The Importance of Natural Light in the Wintertime
by Sheila McCormick on January 27th, 2010Have you ever looked around during the wintertime and noticed that people seem depressed and dismal? Perhaps you have felt that way yourself. Often people feel down and out during the winter months and chalk it up to the fact that they are cold or spending too much time indoors. However, the fact of the matter is that many people have a mood disorder that only occurs during winter months.

Seasonal Affective Disorder (often abbreviated as “SAD”) can impact people who feel fine the rest of the year. However, suddenly when winter hits, they find that their mood changes dramatically. In fact, estimates show that 10% of people suffer from this problem. Also Seasonal Affective Disorder is far more likely to affect women than men. More women have SAD then men by a 3:1 ratio! The lack of sunlight during the winter can cause problems with our internal clocks and circadian rhythms. Also less access to the sun and shorter days can cause our serotonin levels to drop during the winter. Lack of serotonin in the body can also make us depressed.
Symptoms of Seasonal Affective Disorder are very similar to symptoms of clinical depression. Problems include decreased appetite, weight loss, decreased sex drive, feelings of isolation, depression and sometimes even suicidal feelings. Now if you go to a psychiatrist and get evaluated as having SAD, more than likely you will be prescribed some prescription medications. While these prescription antidepressants may help with your SAD, they also will be more than likely to have unintended side effects.
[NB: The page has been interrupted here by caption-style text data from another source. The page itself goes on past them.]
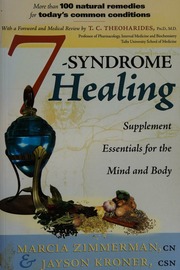 7syndrome Healing Supplement Essentials For The Mind And Body 1st Edition Zimmerman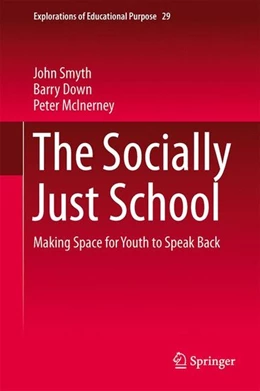 Abbildung von Smyth / Down | The Socially Just School | 1. Auflage | 2014 | beck-shop.de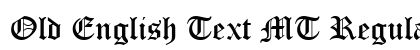 Old English Text MT Regular Font Preview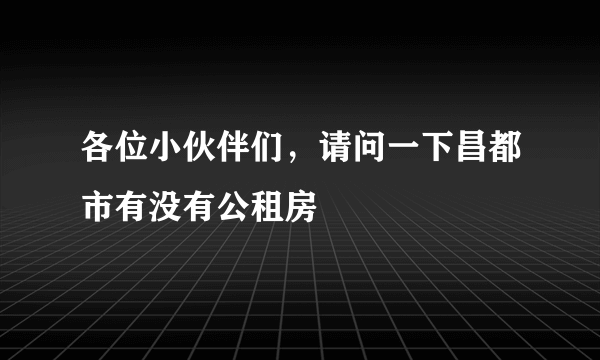 各位小伙伴们，请问一下昌都市有没有公租房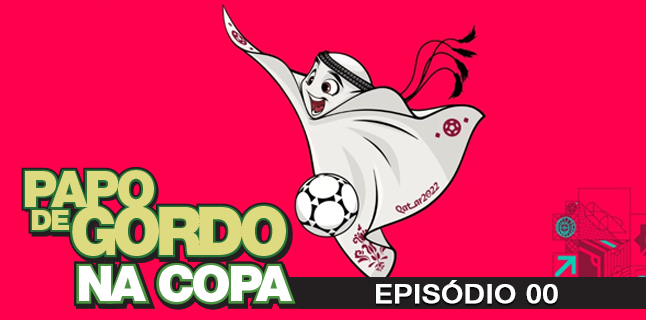 Papo de Gordo na Copa 2022 – Ep. 00 – Pode beber no Catar?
The good news is that there are a wide variety of natural ways of treating Seasonal Affective Disorder. Many of these treatments can be very effective and are even suggested by doctors. Supplements that are recommended to combat Seasonal Affective Disorder include St. Johns Wort, Vitamin D, and increase of Omega-3 fatty acids.
Also make sure you get more natural sunlight each day. This should be one of the first treatments to try to improve your mood. One thing you can do is open your window coverings and get light during every possible opportunity. Also if you can go for a walk during your lunch break, this can be extremely effective. Getting more physical activity has also been shown to help with Seasonal Affective Disorder. Look out the window and pay attention to the weather. When you see the sun is shining, try to get outside and take advantage of that fact. Actually getting natural sun exposure on your skin can make a big difference.
Many psychiatrists recommend the use of light therapy to their patients as a treatment for SAD. With light therapy, people sit in front of a special light box or lamp each day. These light therapy boxes and light therapy lamps range between $100-$200. Experts recommend sitting in front of the light for 30 minutes each day.
If you have been feeling down during the winter, get proactive. Try some natural solutions and see if they make a difference for you.